There have been a number of developments which indicated that there was growing resistance in Indonesia to Communism and to the possible Communist take-over. Perhaps one of the most significant episodes in that respect has been the postponement of the elections, which will give more time to organize the anti-Communist parties. At the moment the organization of the Communist party has been so effective that probably if there were early elections it would be preponderant in the returns.
The policy that we embarked upon here may require us to continue and possibly to extend somewhat our military assistance. That I must say is not in the form I think you used the word of “gifts” at one point. There are no gifts involved in the military field. They are all sales.

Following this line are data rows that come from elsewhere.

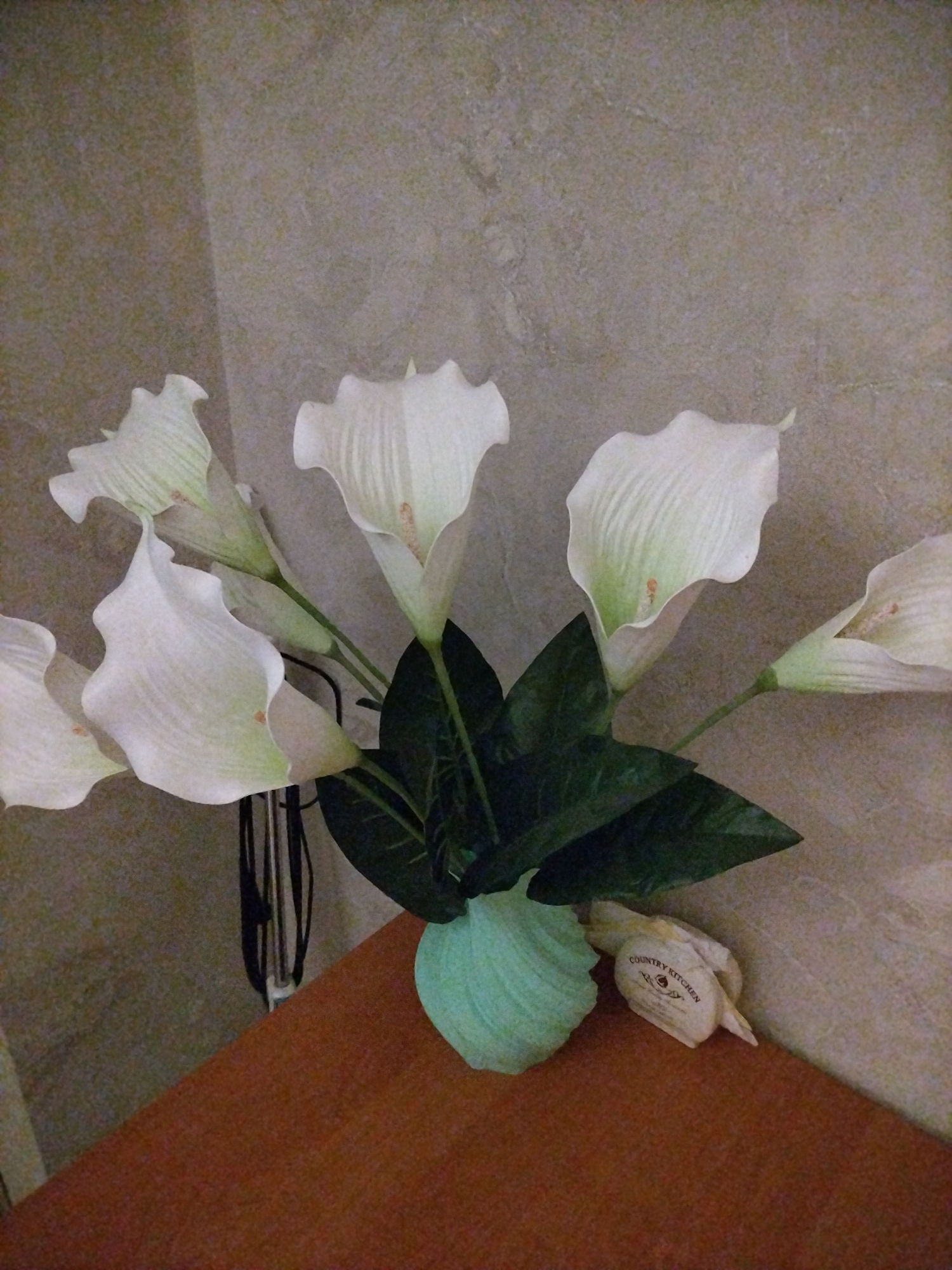 A bouquet of white calla lilies is displayed in a light blue, textured vase. The flowers are arranged with dark green leaves, and the bouquet is placed on a reddish-brown surface, possibly a table or shelf. To the right of the vase, there is a small, light-colored object with text that reads "COUNTRY KITCHEN". The background is a textured, light-colored wall. The scene appears to be an indoor setting. The image quality is moderate, with some graininess visible. There are no people present in the image.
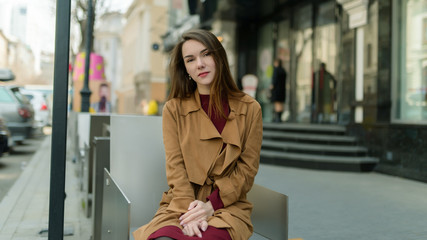Obraz premium Woman in vintage cloak at street.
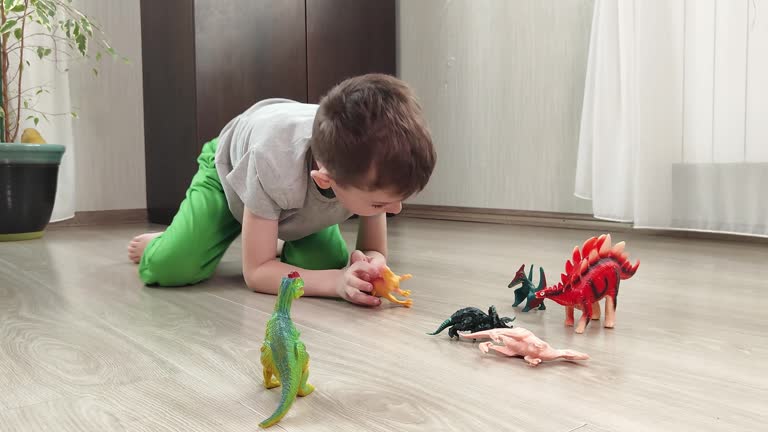 child happily plays with new toys in a large bright room at home. shopping for children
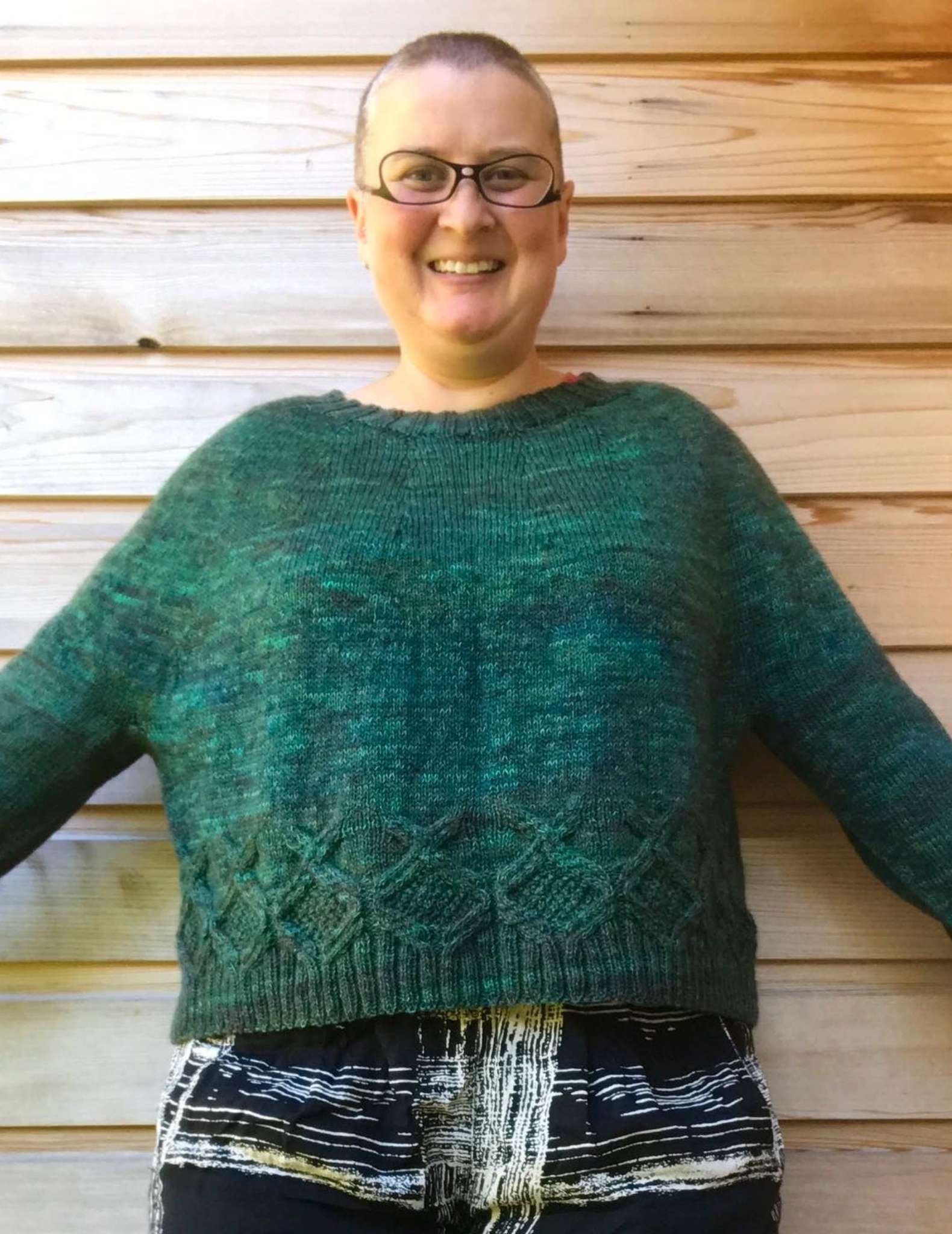 a smiling white, fat, and middle-aged model standing and wearing a green sweater with arms outstretched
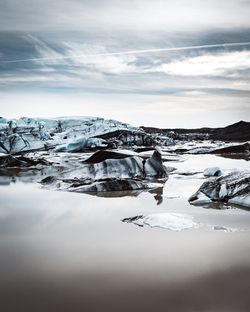 Icebergs melting in lake against sky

Mr. Robertson: On this $7,000,000 deal, it is a sale, but it is a sale on which there is a low value. It is a sale at a reduced price.
Secretary Dulles: Whether that is a gift, below value, is a debatable question. I am sure the Defense Department would like to get a higher price for it, but it is a question of how you value this more or less obsolete, secondary equipment. That is a debatable point.
I had a long talk yesterday with Mr. Luns,1 who I would say takes, according to my estimation, a more reasonable view of this situation than some of his associates, and I do not think that he is strongly opposed to our policy although we did not give any indication as to what the development of that policy might involve in the way of further [Page 285] equipment. Indeed, we have come to no conclusion about that ourselves. There are various recommendations made to us from Djakarta which are in process of being evaluated at the present time, and they have not come up to me yet with any recommendation, so I am in ignorance as to what the plans may be, although I do know that they contemplate some assistance to both the Air Force and the Navy and that they involve a category of goods which could be used for either aggressive or defensive purposes.
It is not easy to draw a line, as you are well aware, between so-called offensive and defensive weapons. Almost any weapon can be used offensively. Obviously if you give them pistols and sidearms, they are less effective than if you give them other types of arms.
Now from the standpoint of the armament business, I would say first of all that we think that the Indonesians are extremely foolish in devoting as much of their resources as they are to armament. They are in a desperate economic position and I think it is folly for them to be spending as much of their diminishing resources as they are upon armament. They are mortgaging themselves to the Soviet bloc to a very considerable extent already. We make such arguments to many countries of the world, and always my experience is that those arguments fall upon deaf ears. I have never talked with anybody anywhere in the world that I know of, including in the United States, who spends less money on armament because of economic necessities and the need for a balanced budget and considerations of that kind. And I think the situation is one where the demands of the military people will to a considerable extent be met, and the problem is, will they be met from the United States or from the Soviet Union or from whatever sources which will be available to them.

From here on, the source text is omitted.